Aquinas rejects the idea of infinite regress as there can be no first cause in an infinite regress. The third way he describes God is by saying that God is necessary and he has the quality of aseity.
“The third way is taken from possibility and necessity. We find in nature things that are possible to be and not to be, since they are found to be generated, and to be corrupted, and consequently, it is possible for them to be and not to be. Therefore if everything an not-be then at one time there was nothing in existence. (And) it would have been impossible for anything to have begun to exist and thus even nothing would be in existence, which is absurd. Therefore we cannot but admit the existence of some being having of itself its own necessity, and not receiving it from another, but rather causing in others their necessity. This all men speak of God”.
He is saying that all living creatures depend on something else for its survival. He says that God is not contingent but the necessary being. If he didn’t exist then we wouldn’t exist. F C Copleston also agrees that there has to be a necessary being.
“We do not explain the presence here and now of beings capable of existing or not existing. Therefore we must affirm the existence of a being which is absolutely necessary and completely independent”.
F C Copleston
B) This world had to be created by a God, as it could not have had been caused by itself. Anything that exists had to be caused due to the fact of change. The universe could not have happened suddenly from nothing if there was nothing to change or cause it. This is the more reason to believe that there was a god who created the world and the universe. Gottfried Leibniz was a polish philosopher who also rejected the idea of infinite regress as he believed that there had to be a sufficient reason for everything. He thought that the universe had always existed and an example that he uses, is of a geometry book. He says that likewise a book was created by someone so did the world have to be created by some one, which points towards a God. If we were to believe in infinite regress then we would keep going back and back, we would have to come to a starting point even if we were to go back infinite years. This is not a good explanation because there has to be a starting point, that starting point has to be a causer which is God. Later on another philosopher called J.L. Mackie illustrated Aquinas and Leibniz rejection of infinite regress with a modern analogy; he used an example of a train carriage by saying that imagine an infinite railway carriage all puling one other. The movement is partly explained by saying that the one in front is pulling the on behind it. This does not make complete sense to us unless there is an engine pulling the carriages. We wouldn’t expect the carriages to move without an engine. The existence of the engine would be a full or sufficient reason for the explanation. This analogy was used to demonstrate the principle of dependency. If there was nothing in the fist place then how could some thing have been caused? We can not explain this as we have never experienced any thing of this type. Since we can not explain how some thing can happen from nothing we come to the assumption that there has to be a god who created this world. If in front of our eyes we could see something come from nothing then we could say that the universe happened with out a causer. Richard Swinburne is another philosopher who assumes that God exists. He says that it is best to look for the simplest answer.

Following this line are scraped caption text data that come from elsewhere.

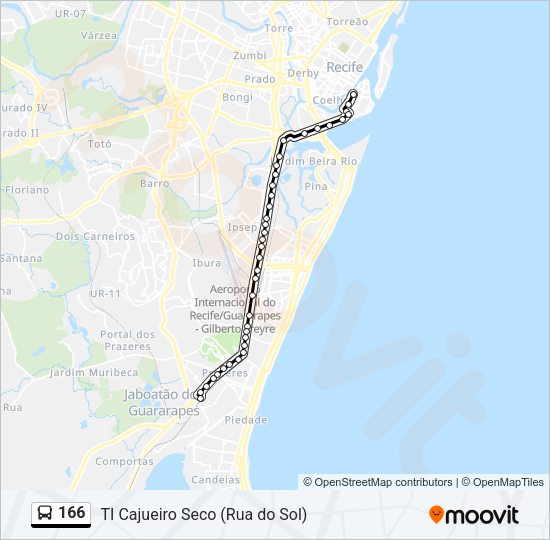 Mapa da linha 166 de ônibus
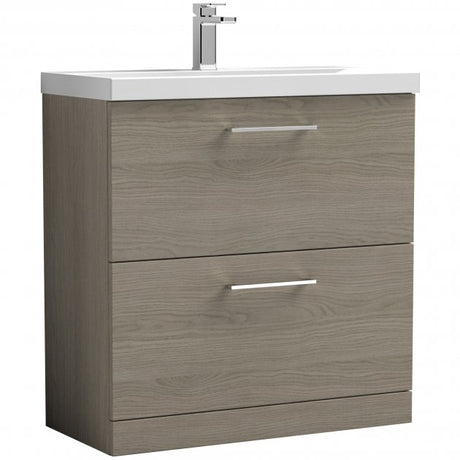 Nuie Arno 800mm Wide Floor Standing 2-Drawer Vanity Unit with Basin-3 - Grey Vicenza Oak - ARN2535D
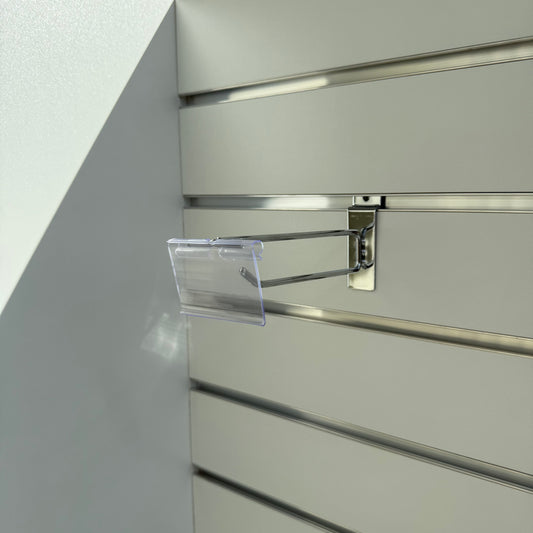 150mm Heavy Duty Chrome Slatwall Price Tag Hook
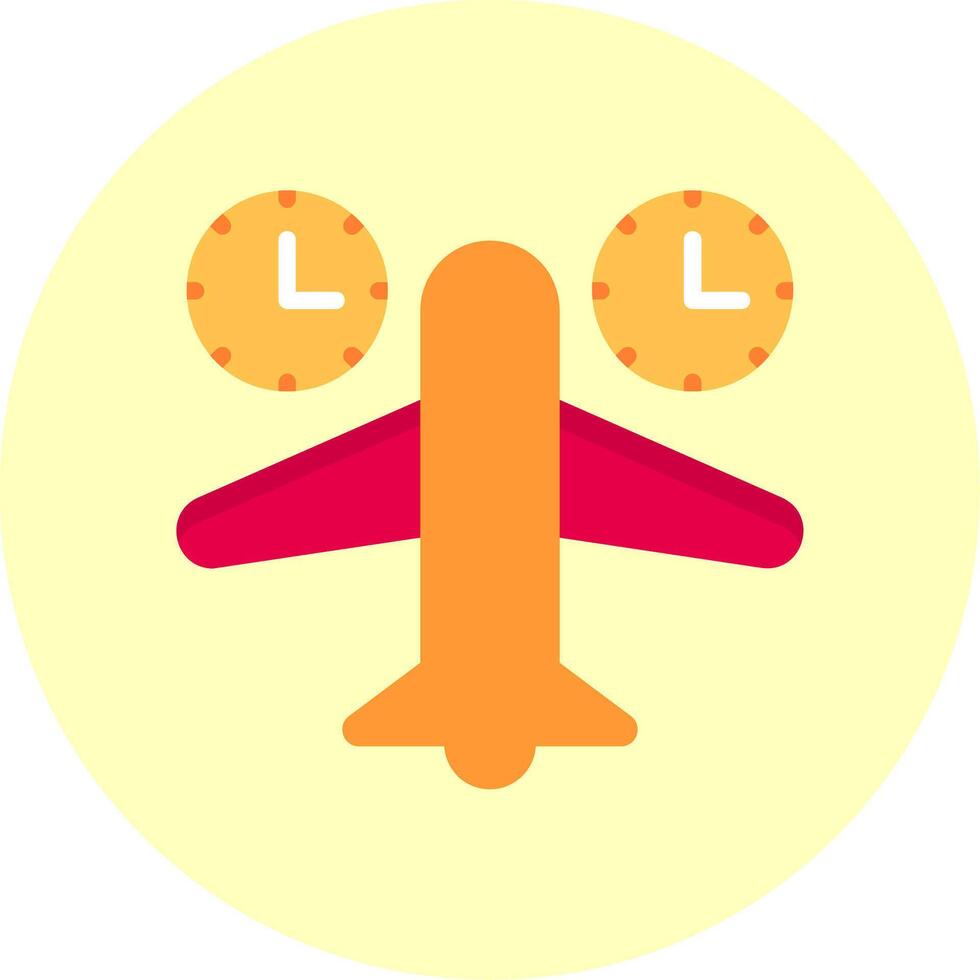 Jet Lag Flat Multi Color Icon vector
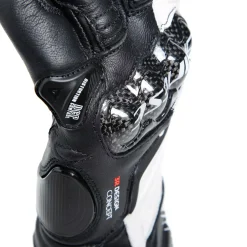 Dainese CARBON 4 LONG LADY LEATHER GLOVES BLACK/WHITE/FLUO-RED Sale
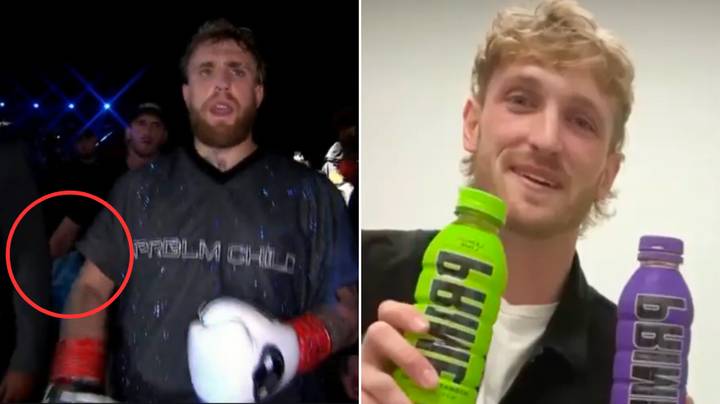 Logan Paul randomly showed up holding a case of Prime during Jake's ring walk, the relentless marketing continues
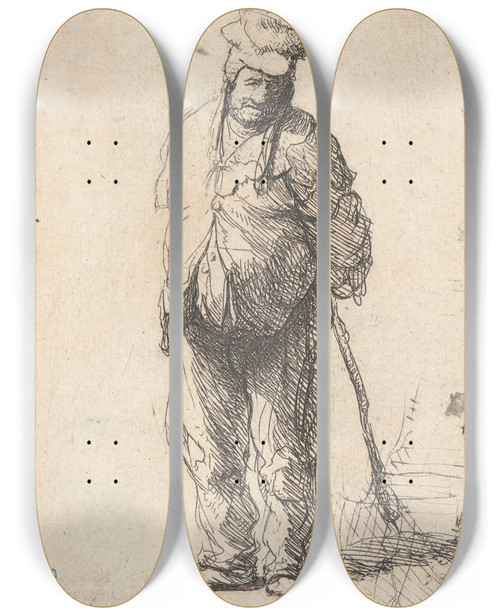 Triptych art skateboard deck of Rembrandt Van Rijn Ragged Peasant With His Hands Behind Him Holding A Stick by Rembrandt Van Rijn (1606-1669)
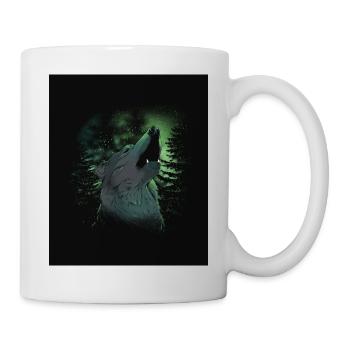 Wolfsruf im Nordlicht - Tasse - Weiß - Rechts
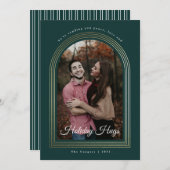 Gold Arch Script Foto Weihnachten (Vorne/Hinten)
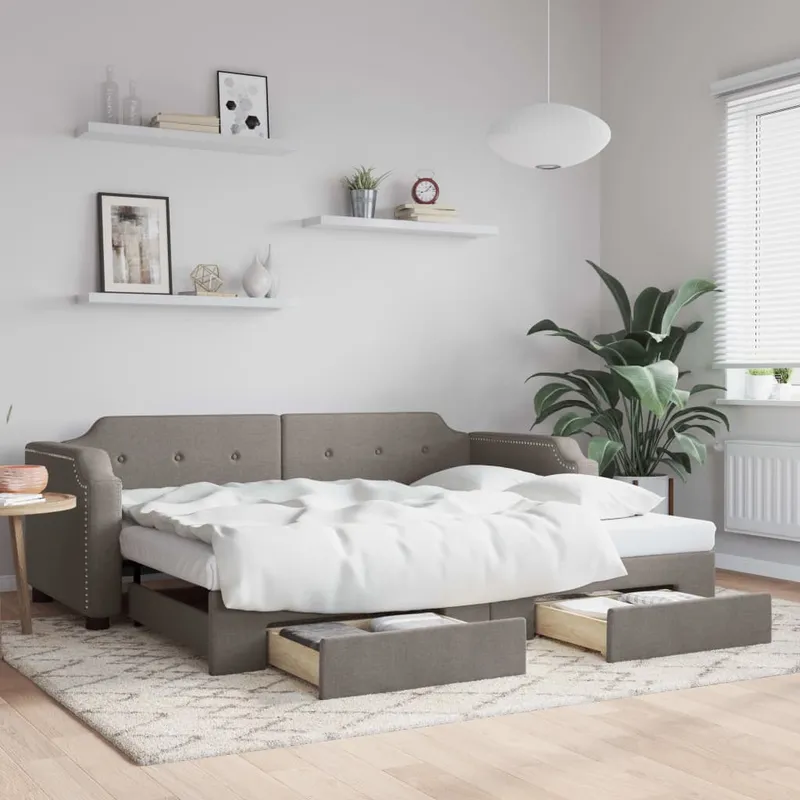 vidaXL Dagbädd utdragbar med lådor taupe 90×200 cm tyg (#0470)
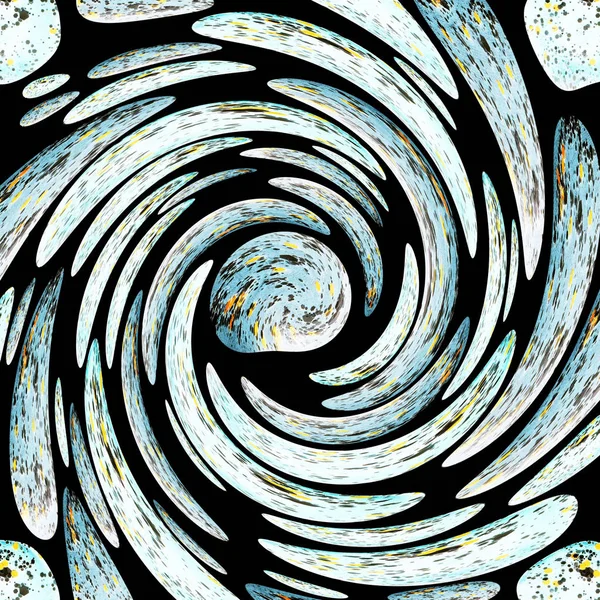 Абстрактный черно-белый фон из кривых вихревых форм и кругов — стоковое фото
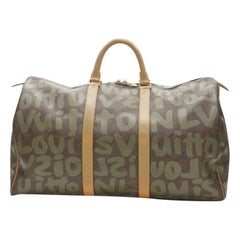 rare LOUIS VUITTON Stephen Sprouse Graffiti khaki green monogram Keepall 50 bag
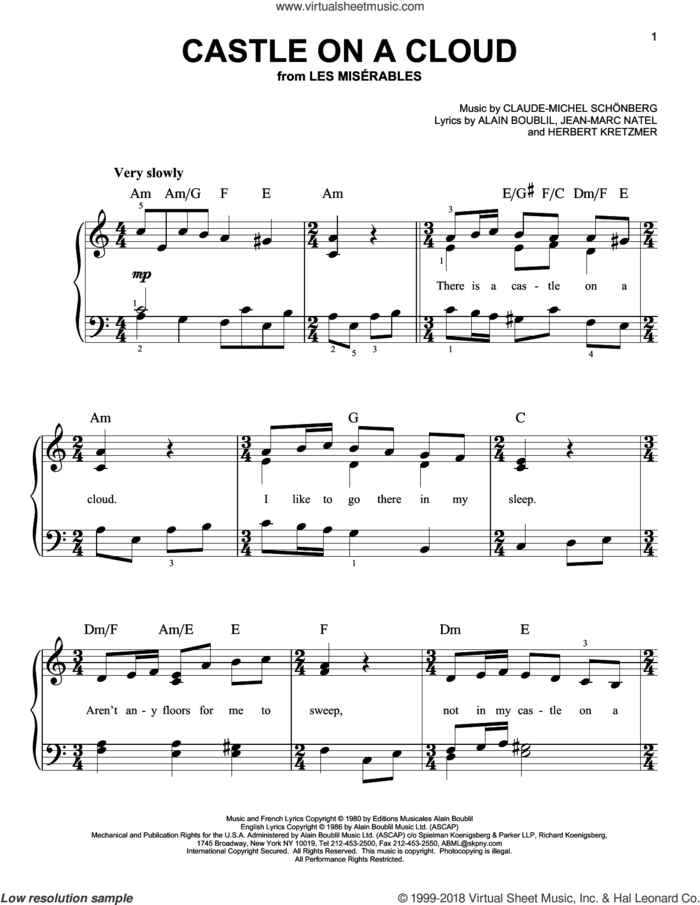 Castle On A Cloud, (easy) sheet music for piano solo by Claude-Michel Schonberg, Alain Boublil and Herbert Kretzmer, easy skill level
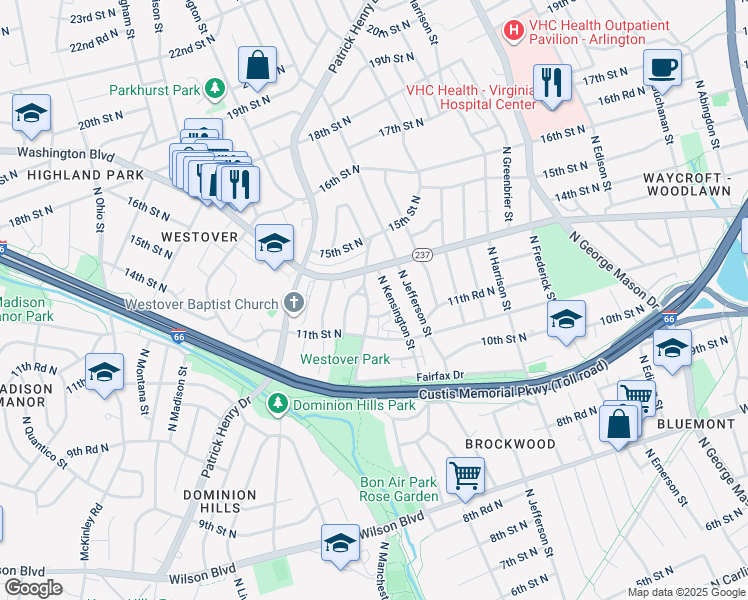 map of restaurants, bars, coffee shops, grocery stores, and more near 1201 North Kennebec Street in Arlington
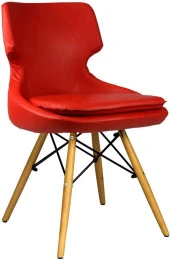 Bürocci Zaga Cafe Koltuğu-Kırmızı Deri-2023G0116 - 1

“It is extraordinary that there should exist anything at all. Surely the most natural state of affairs is simply nothing. No universe, no god, nothing. But there is something and so many things. If we can explain the many bits of the universe by one simply being which keeps them in existence, we should do so”
Richard Swinburne
Modern science (big bang theory) backs up the idea of the universe of having a finite history and a beginning point, and not infinite regress of events.
C) I personally think that the strengths don’t out weigh the weakness but the weakness out weigh the strengths. If we were to agree that the universe was created by a God, then how do we know that the god who created the world is not the God who we think he is? How do you know that the universe was created by 1 God and not 10 gods? David Hume challenges two basic assumptions. Accepting the existence of a necessary being and that the principle that nothing causes itself.
“If all that we know from experience in the universe can cease to exist or can change, how can we think that the deity (if he exists) is (or was) any different.
David Hume
He also says that just because in our experience things happen in this way (we need a mover to move, a causer to cause, etc) this doesn’t mean that things outside our experience have to happen I the same way. Bertrand Russell was another philosopher who supported Hume’s argument. His argument was that just because things are how they are in this world doesn’t have to mean that they are the same for the out side world. He wrote a letter to copleston and said
”why he argued, did the universe have to have a sufficient reason for existing? The universe may well be a brute fact and for him that is all that there is to say on the matter”
Scientist are saying that there little particles which have caused them self’s from nothing with out a cause. The kalam argument relies on science. The kalam argument says that everything that exists must have a cause. But we have seen that that is no longer true. The theory of the big bang, that the universe started in a little point and then exploded and is getting bigger. Scientists are saying that the universe is getting bigger suggests that there was a starting point, which is the big bang. But the big bang is only a theory and hasn’t been proven. One of the main strengths of the cosmological argument is that how could any thing come from nothing. If using the big bang theory, how did the big bang happen itself? I believe in 1 God but think that the weaknesses are stronger than the strengths.